Data for this task
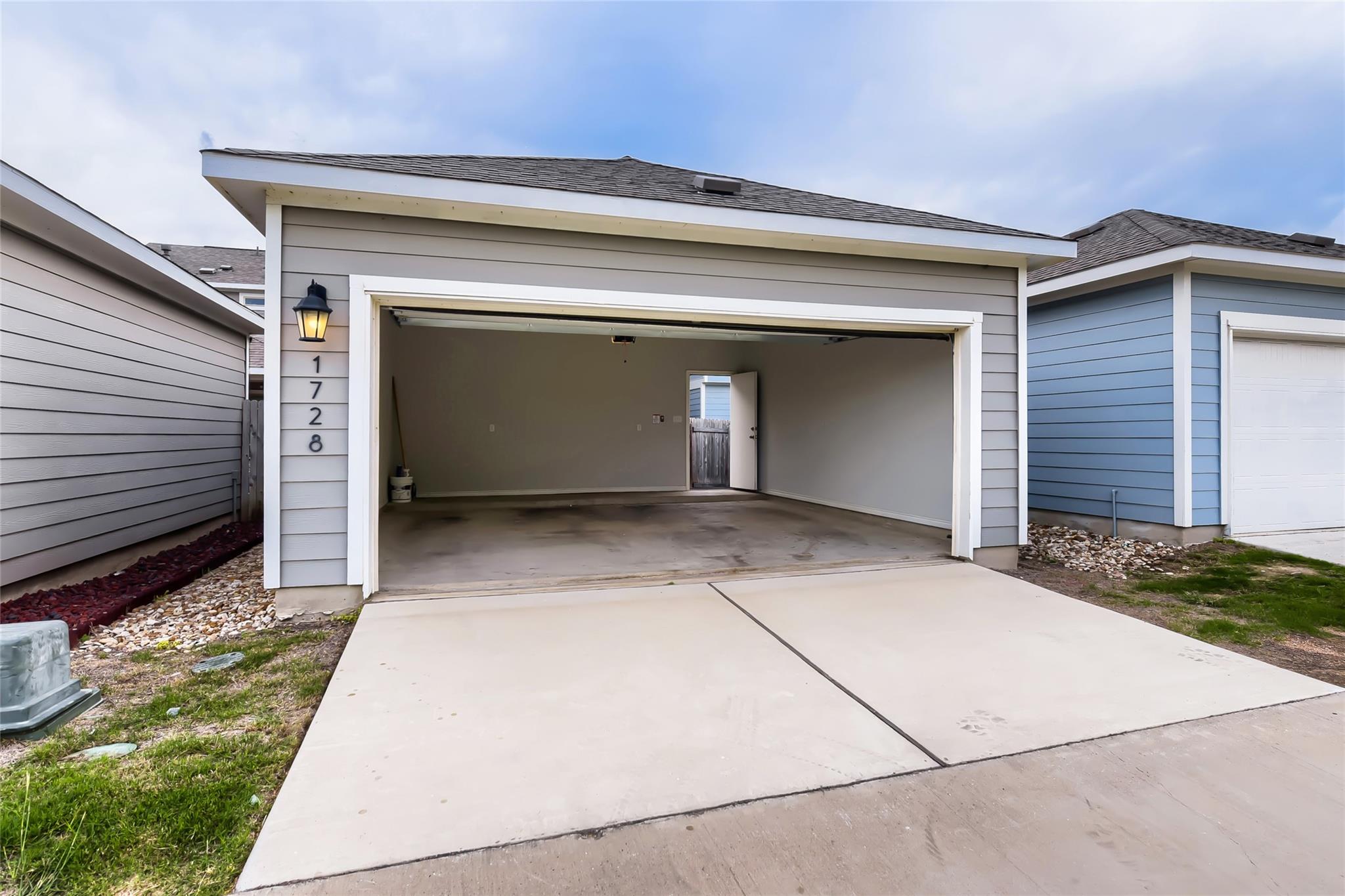 1728 Artesian Springs Crossing Leander TX 78641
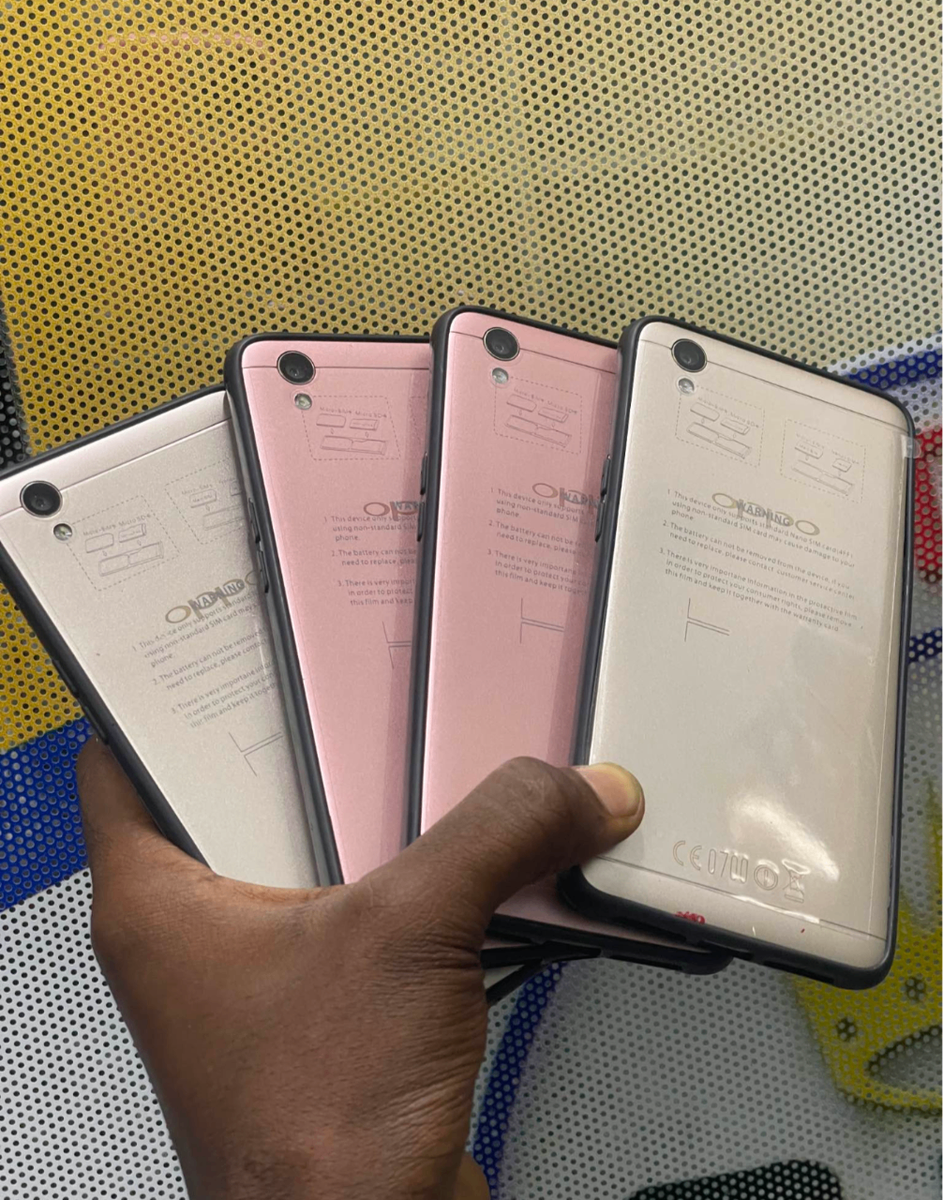 Smartphone OPPO A37 - Dual SIM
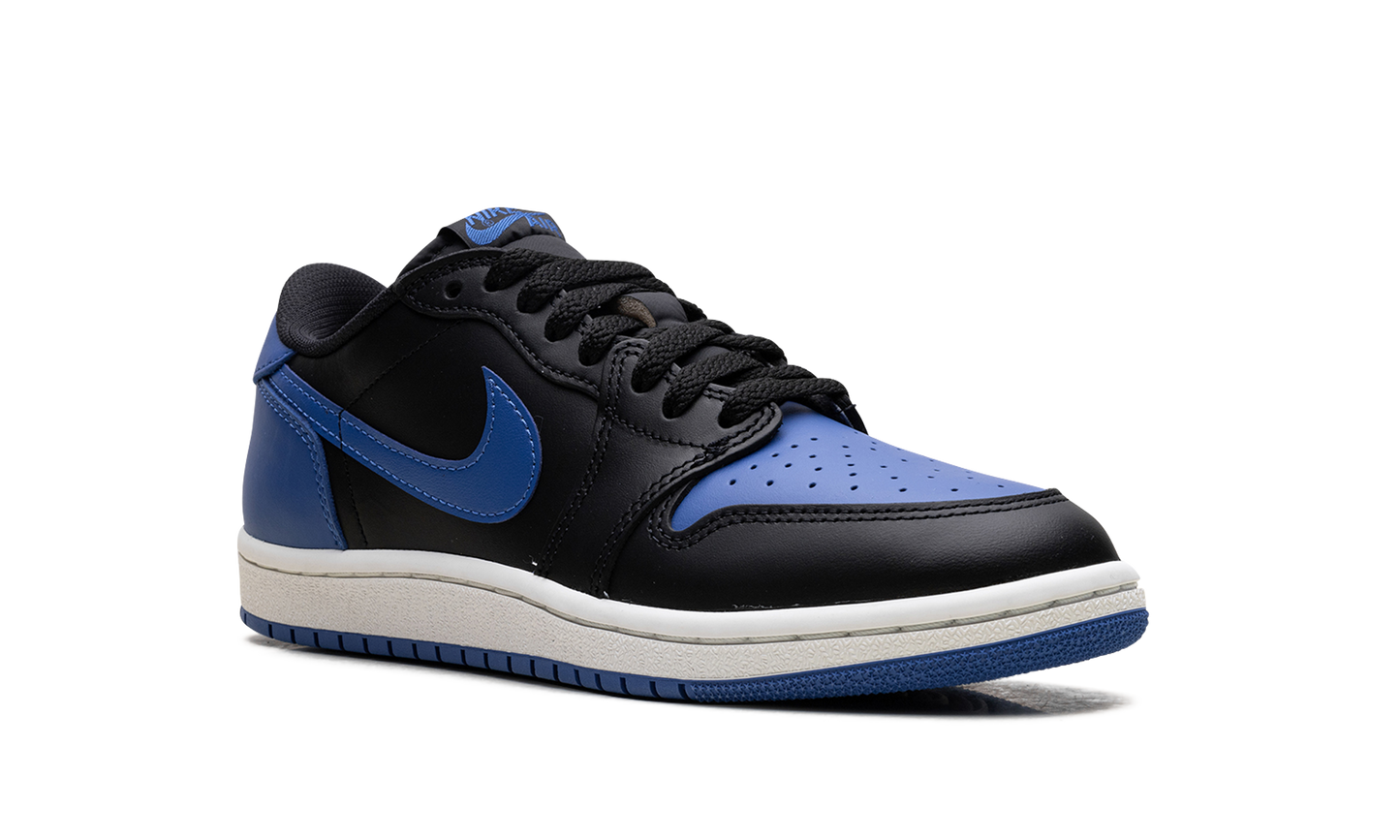 Air Jordan 1 Low 85 "Royal" IB1981 004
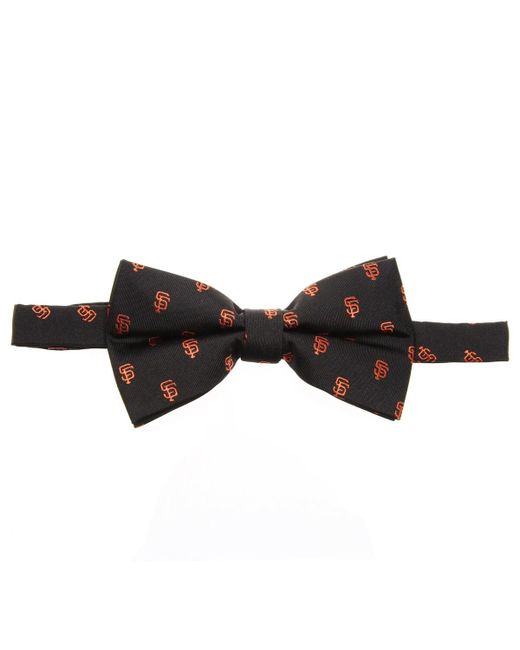 Eagles Wings San Francisco Giants Repeat Bow Tie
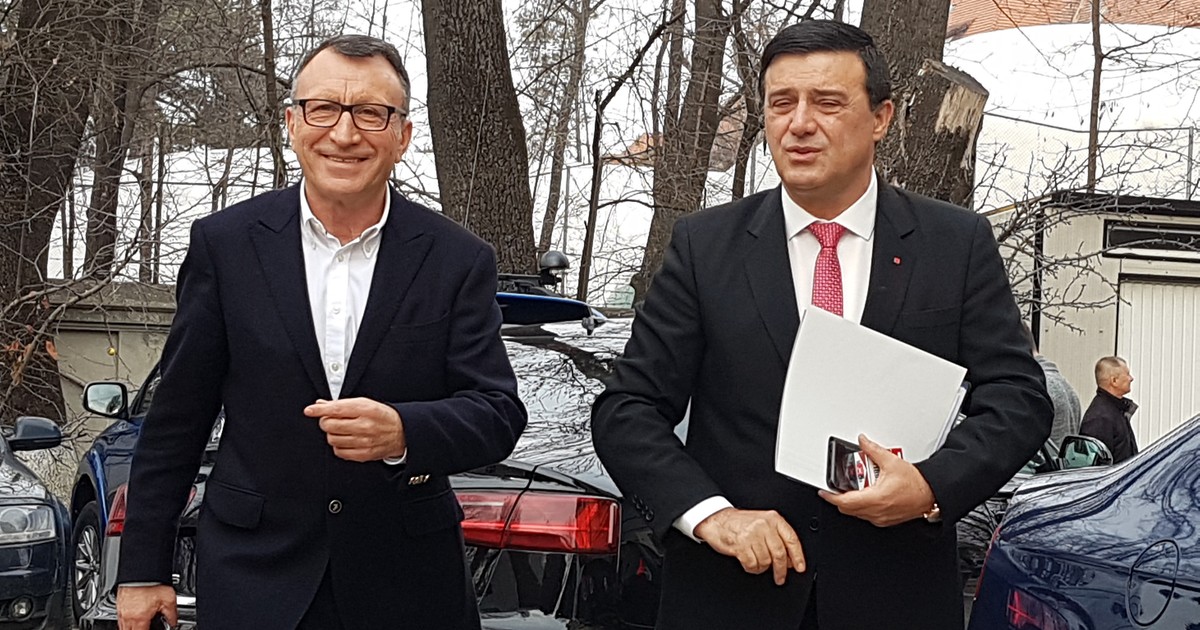 Paul Stănescu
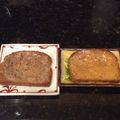 パパdeさつき's cooksnap of when they made 濃厚♪リッチなバタートースト.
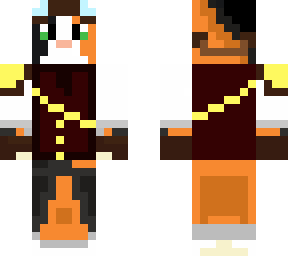 steampunk calico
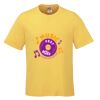 Men's Crew Neck Tee Thumbnail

Exercise details
Leave the images aside and retype each line of the listing above exactly.

Output for this exercise
 1728 Artesian Springs Crossing Leander TX 78641
 Smartphone OPPO A37 - Dual SIM
 Air Jordan 1 Low 85 "Royal" IB1981 004
 Eagles Wings San Francisco Giants Repeat Bow Tie
 Paul Stănescu
 パパdeさつき's cooksnap of when they made 濃厚♪リッチなバタートースト.
 steampunk calico
 Men's Crew Neck Tee Thumbnail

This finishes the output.